1974’te CHP’li Celal Altınay tanzim satışı başlatan ilk başkan oldu: Herkesi ortak etti

İlk olarak 1953 yılında Menderes döneminde tanzim satış barakaları özel işletmecilerle kuruldu. Pahalılık bitmeyince Migros’un kurucusu, Senatör Duttweiller davet edilerek Migros’lar aracılığıyla bu iş yapılmaya çalışıldı. 1974 yılında CHP’li Kâğıthane Belediye Başkanı Celal Altınay, mülkiyeti belediyeye ait beş yerde tanzim satış mağazası açtı. Ardından diğer illerde ki CHP’li belediyeler de aynı yolu izledi.

Yayınlanma: 16.02.2019 - 22:12
Abone Ol google-news

İktidarın enflasyonla mücadele kapsamında son hamlesi, tanzim satışlarla belli ürünleri ucuza satmak oldu.

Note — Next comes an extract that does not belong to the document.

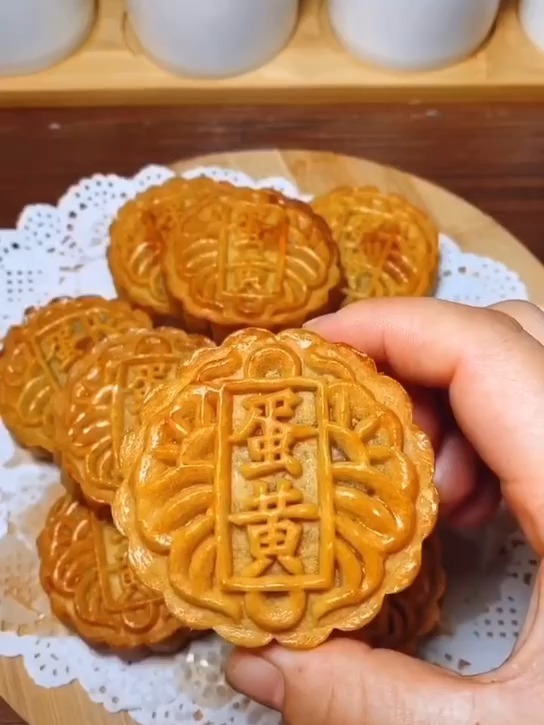 莲蓉蛋黄月饼制作详细教程教学来啰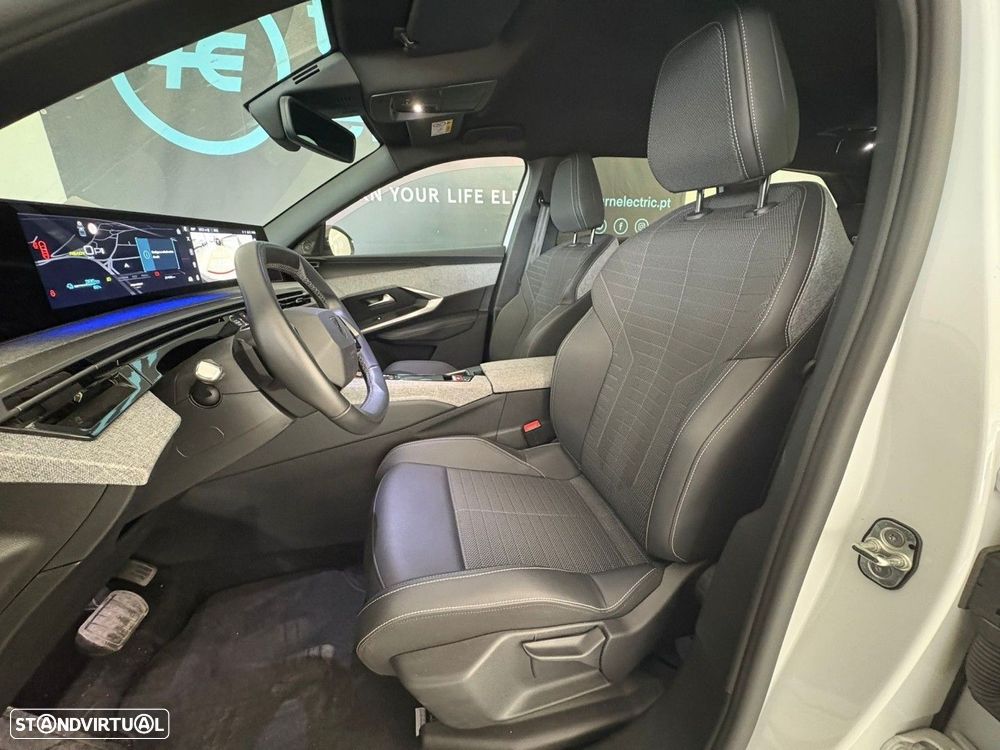 Peugeot E-5008 73 kWh Allure - 4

CHP döneminde karne vardı diyen iktidar medyası ise satış kuyruklarını görmedi.

Türkiye’de enflasyonun dizginlenemediği dönemlerde çoğunlukla akla gelir tanzim satış mağazaları. Özal dönemi hariç Menderes döneminden başlayarak tanzim satış mağazaları revize edilerek bir açıldı bir kapandı. 1953 Menderes döneminden 1974 CHP hükümetlerine kadar geçen sürede tanzim satış araçları ya da barakaları özel şahıslar tarafından işletildi. Özel şahısların devreden çıkarıldığı, mülkiyeti belediyeye ait ve işletmeciliğini de belediyenin yaptığı ilk tanzim satış mağazaları 1974’de ilkokul mezunu Kâğıthane Belediye Başkanı Celal Altınay tarafından Kâğıthane’nin beş ayrı mahallesinde açıldı. Altınay’dan sonra Yarımca ve İzmir belediyeleri de kendi bölgelerinde birbiri ardınca tanzim satış mağazaları açtılar. Ancak bu mağazaların sistemli bir şekilde açılması 1978’deki CHP hükümeti döneminde Maliye Bakanı Ziya Müezzinoğlu ile Yerel Yönetim Bakanı Mahmut Özdemir’in ortak projesiyle tanzim satışlar için İller Bankası’ndan döner sermayeye yatırım ödeneği koyması ile gerçekleşti. Özdemir tarafından TANSA adı verilen tanzim satış mağazaları zincirleri oluşturuldu.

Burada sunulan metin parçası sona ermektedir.